_TASK STATEMENT_: Each line from the start of the data below through the one containing "The Autumn-Leaf Ghost, Landscape" must be reproduced exactly.

Dataset items:
▶

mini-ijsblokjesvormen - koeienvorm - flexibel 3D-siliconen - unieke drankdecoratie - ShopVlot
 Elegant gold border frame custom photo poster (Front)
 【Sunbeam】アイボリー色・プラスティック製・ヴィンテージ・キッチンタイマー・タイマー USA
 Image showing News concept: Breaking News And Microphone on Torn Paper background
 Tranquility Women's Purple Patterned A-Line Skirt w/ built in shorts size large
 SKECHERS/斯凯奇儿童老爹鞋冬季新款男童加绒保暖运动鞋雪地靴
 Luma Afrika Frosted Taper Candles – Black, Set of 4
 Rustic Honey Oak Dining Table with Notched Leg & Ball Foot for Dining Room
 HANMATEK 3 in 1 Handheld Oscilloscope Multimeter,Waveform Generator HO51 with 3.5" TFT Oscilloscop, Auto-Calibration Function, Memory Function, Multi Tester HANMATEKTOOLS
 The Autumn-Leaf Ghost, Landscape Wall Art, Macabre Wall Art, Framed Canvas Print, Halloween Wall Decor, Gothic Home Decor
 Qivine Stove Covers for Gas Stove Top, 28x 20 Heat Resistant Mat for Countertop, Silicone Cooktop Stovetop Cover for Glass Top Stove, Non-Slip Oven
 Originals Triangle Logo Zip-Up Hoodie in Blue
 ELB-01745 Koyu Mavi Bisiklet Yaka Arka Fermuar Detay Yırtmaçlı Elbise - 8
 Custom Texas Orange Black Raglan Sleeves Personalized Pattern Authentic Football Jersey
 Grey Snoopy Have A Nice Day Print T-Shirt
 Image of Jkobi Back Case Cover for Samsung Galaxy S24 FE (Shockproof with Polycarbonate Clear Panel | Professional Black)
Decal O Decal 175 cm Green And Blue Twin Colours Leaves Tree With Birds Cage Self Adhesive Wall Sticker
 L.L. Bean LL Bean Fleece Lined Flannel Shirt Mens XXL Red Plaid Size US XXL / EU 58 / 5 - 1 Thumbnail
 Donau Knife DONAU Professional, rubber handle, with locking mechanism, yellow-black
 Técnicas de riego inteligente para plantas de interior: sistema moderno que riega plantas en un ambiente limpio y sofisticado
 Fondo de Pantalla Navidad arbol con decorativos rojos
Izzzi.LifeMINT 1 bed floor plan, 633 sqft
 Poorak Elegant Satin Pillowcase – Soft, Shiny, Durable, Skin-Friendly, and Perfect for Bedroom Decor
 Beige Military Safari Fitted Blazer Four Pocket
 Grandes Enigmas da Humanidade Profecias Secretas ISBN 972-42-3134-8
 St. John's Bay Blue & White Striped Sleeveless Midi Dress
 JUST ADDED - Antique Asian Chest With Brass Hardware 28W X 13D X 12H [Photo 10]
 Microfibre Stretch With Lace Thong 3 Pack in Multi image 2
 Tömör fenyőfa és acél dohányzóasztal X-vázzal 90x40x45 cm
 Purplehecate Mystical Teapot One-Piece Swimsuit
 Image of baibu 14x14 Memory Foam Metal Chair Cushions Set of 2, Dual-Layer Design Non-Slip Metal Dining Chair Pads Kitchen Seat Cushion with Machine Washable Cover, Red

◀

_SOLUTION TO THIS EXERCISE_:
mini-ijsblokjesvormen - koeienvorm - flexibel 3D-siliconen - unieke drankdecoratie - ShopVlot
 Elegant gold border frame custom photo poster (Front)
 【Sunbeam】アイボリー色・プラスティック製・ヴィンテージ・キッチンタイマー・タイマー USA
 Image showing News concept: Breaking News And Microphone on Torn Paper background
 Tranquility Women's Purple Patterned A-Line Skirt w/ built in shorts size large
 SKECHERS/斯凯奇儿童老爹鞋冬季新款男童加绒保暖运动鞋雪地靴
 Luma Afrika Frosted Taper Candles – Black, Set of 4
 Rustic Honey Oak Dining Table with Notched Leg & Ball Foot for Dining Room
 HANMATEK 3 in 1 Handheld Oscilloscope Multimeter,Waveform Generator HO51 with 3.5" TFT Oscilloscop, Auto-Calibration Function, Memory Function, Multi Tester HANMATEKTOOLS
 The Autumn-Leaf Ghost, Landscape Wall Art, Macabre Wall Art, Framed Canvas Print, Halloween Wall Decor, Gothic Home Decor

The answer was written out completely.